#### Instructions to follow
Each line of data below is to be returned exactly, leaving out any picture.
Top of The data
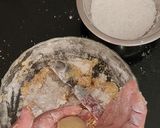Foto del paso 4 de la receta: Galletas de Limón Craqueladas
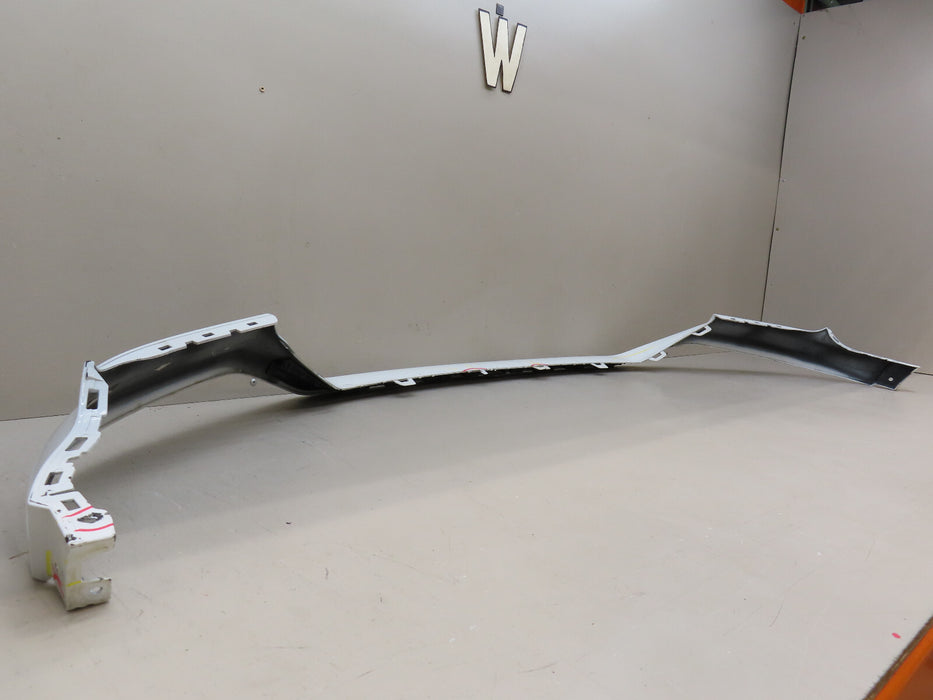 2016-2018 GMC SIERRA 1500 FRONT UPPER BUMPER COVER PANEL OEM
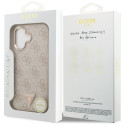Kryt Guess 4G Triangle Logo MagSafe iPhone 17 – rose gold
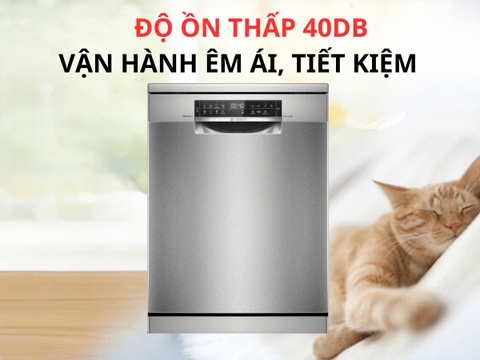 Máy rửa chén độc lập Bosch SMS6ZCI16E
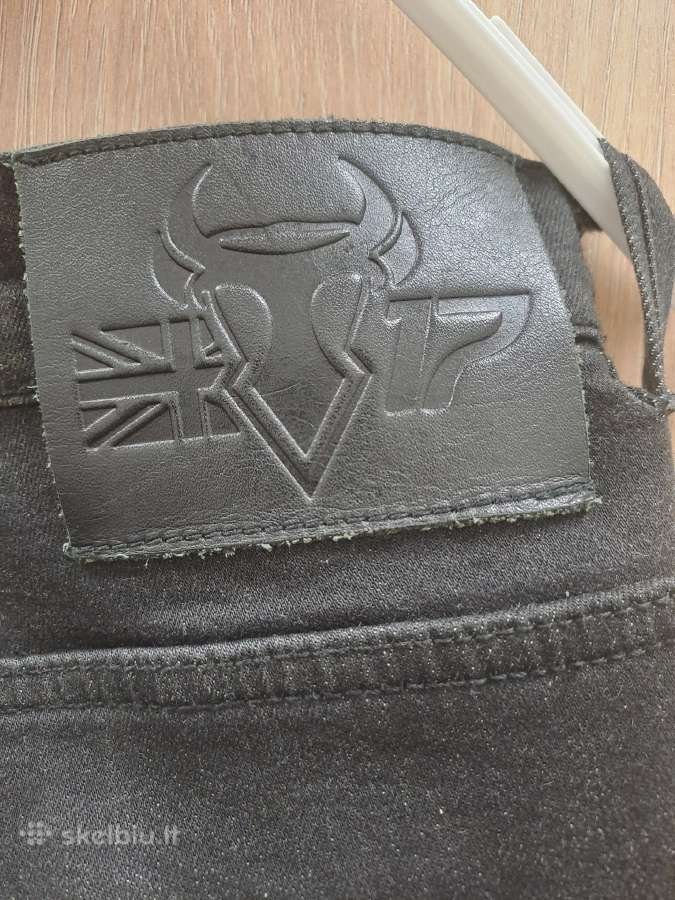Bull-IT covec 40/XL d. dzinsai moto su apsaugom - nuotraukos Nr. 12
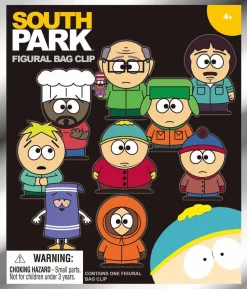 South Park - 3D Figural Foam Bag Clip Blind Bag (Single Unit)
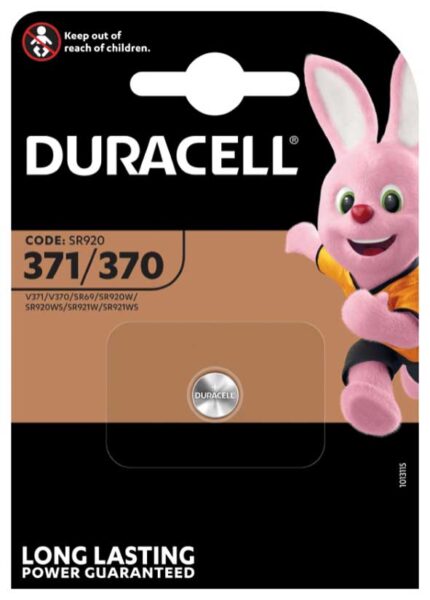 Duracell orologio 371/370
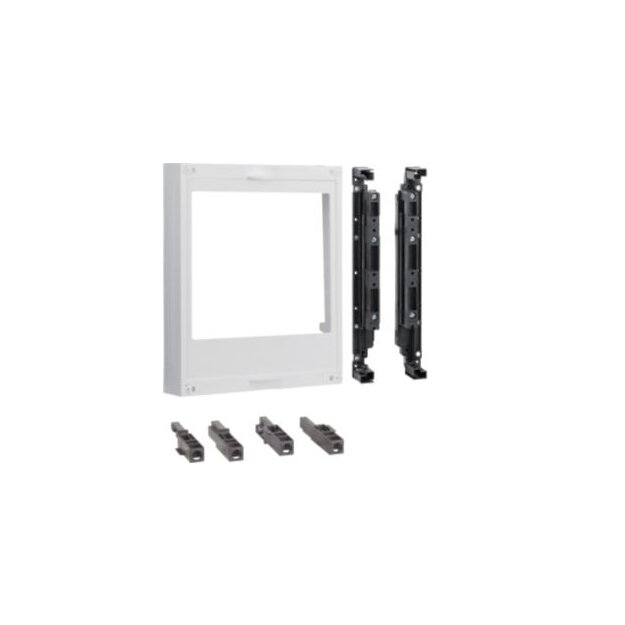 Hager UC21T60 Bausatz universN 300x250mm für 2 Trenner NH00 auf Sammelschienensystem 60/3-polig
Bottom of The data
#### Expected answer
Foto del paso 4 de la receta: Galletas de Limón Craqueladas
 2016-2018 GMC SIERRA 1500 FRONT UPPER BUMPER COVER PANEL OEM
Kryt Guess 4G Triangle Logo MagSafe iPhone 17 – rose gold
 Máy rửa chén độc lập Bosch SMS6ZCI16E
Bull-IT covec 40/XL d. dzinsai moto su apsaugom - nuotraukos Nr. 12
 South Park - 3D Figural Foam Bag Clip Blind Bag (Single Unit)
 Duracell orologio 371/370
 Hager UC21T60 Bausatz universN 300x250mm für 2 Trenner NH00 auf Sammelschienensystem 60/3-polig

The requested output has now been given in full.